Hergé atribuyó estas ideas al «ambiente burgués y conservador» en el que creció. Su carácter fue modelado en el colegio religioso Saint Boniface y su paso por los scouts católicos. Con 18 años recién cumplidos se inició como aprendiz en Le XXe Siècle, un periódico conservador dirigido por el sacerdote Norbert Wallez, quien rápidamente identificó el talento de Hergé y le encomendó sus primeras historias en el suplemento juvenil del diario, Le Petit Vingtième. Por encargo de Wallez, Tintín fue enviado en su estreno a la Unión Soviética para desenmascarar a los malvados bolcheviques. Para la siguiente aventura, el religioso eligió el Congo, deseoso de destacar el papel de los misioneros y justificar el colonialismo belga en África. Para ambos libros Hergé se documentó en testimonios sesgados o falseados, algo que más tarde el dibujante, un obseso por la minuciosidad y la verosimilitud de sus viñetas, jamás se perdonaría.

Por ello, en 1946 aprovechó la oportunidad que le brindaba la edición en color de Tintín en el Congo para aligerarlo de su carga colonial y eliminar aquellos episodios más negativos o ingenuos. Así, una lección de patriotismo se transforma en una de matemáticas y las cacerías del reportero se rebajan sensiblemente. Con casi veinte años de trabajo, Hergé ya había avanzado notablemente en su concepción del cómic e introdujo modificaciones de composición, diálogo y ritmo. Más importante, el propio Tintín también cambió: menos belga y más europeo, menos cristiano y más laico. Pero llegaron los años de la descolonización y el álbum cayó en desgracia; no fue reeditado hasta 1970.

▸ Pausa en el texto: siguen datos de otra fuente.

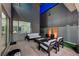 Cozy outdoor patio featuring modern furniture, a fire pit, and stylish decorative plants at 4177 Railhead Pass Ave, Las Vegas, NV 89141
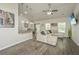 Cozy living room with comfortable seating, a ceiling fan, and great natural lighting at 409 Carousel Ct, Summerville, SC 29483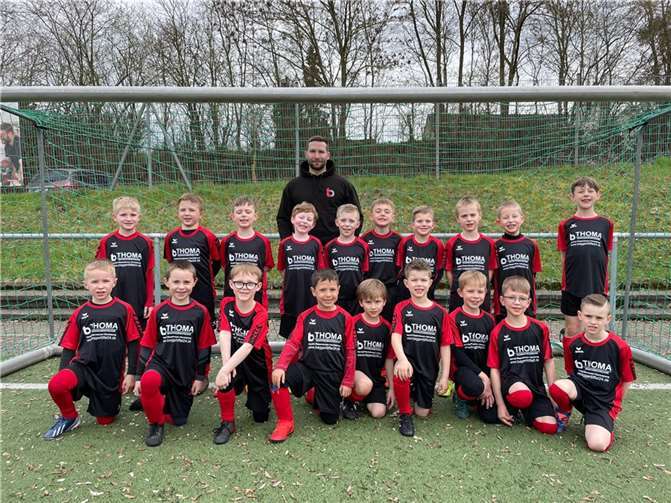 Die Mertlocher F-Jugend mit Michael Thoma und den neuen Trikots.  Foto: privat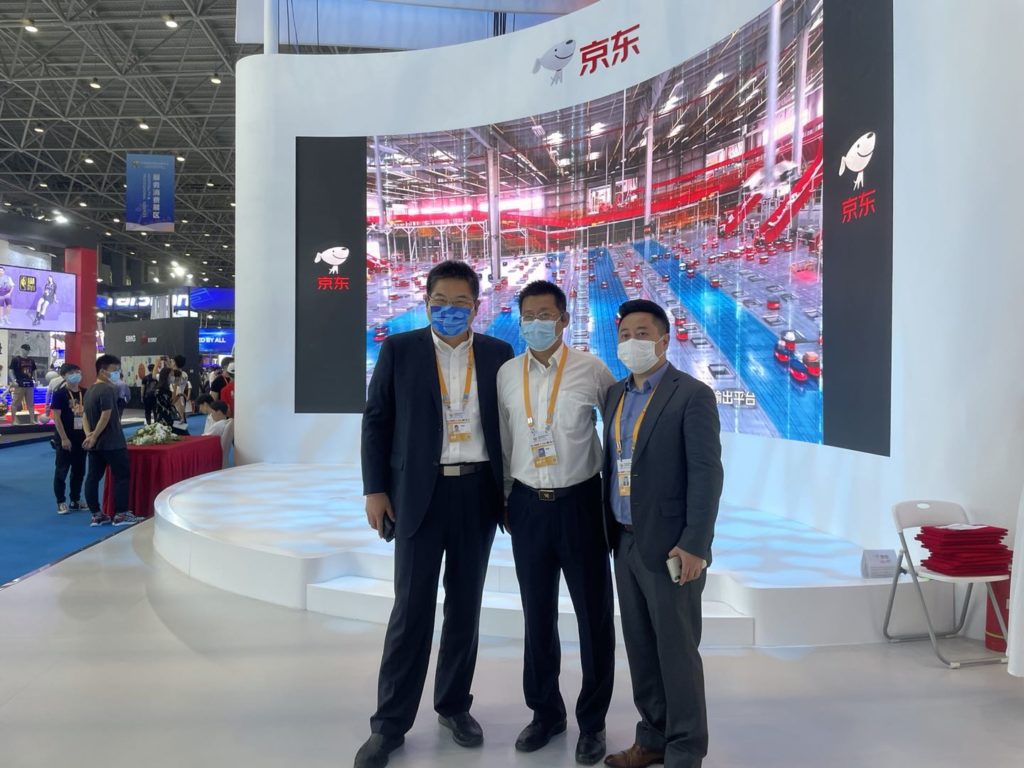 (From left to right) Victor Feng, head of GR, JD Retail, Xiaobo Jia, head of Hainan GR, JD.com, and Lawrence Liang, senior manager of strategy, JD Retail at JD’s Hainan Expo booth  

A Hergé también le perjudicaron los vínculos que mantuvo, a través de Wallez, con el fascismo de su país, conocido como rexismo y liderado por Léon Degrelle, así como su trabajo en Le Soir, un periódico de clara línea colaboracionista en la Bélgica ocupada por los nazis durante la Segunda Guerra Mundial. El dibujante siempre negó ser de izquierdas o de derechas y se definía como alguien de «buena fe» y un «hombre de orden». Como también rechazó las acusaciones de racismo. La evolución de Tintín responde por él: apoya a los chinos frente al imperialismo japonés (El loto azul), defiende a los indígenas sudamericanos (Prisioneros del Sol), se pone de parte de unos gitanos acusados injustamente de robo (Las joyas de la Castafiore) y denuncia los totalitarismos (El cetro de Ottokar y El asunto Tornasol), hasta pintar de farsa las dictaduras en Los Pícaros. En esta aventura lucía pantalones vaqueros y un adhesivo de «haz el amor y no la guerra» en el casco de su moto. El salacot del Congo había quedado muy lejos.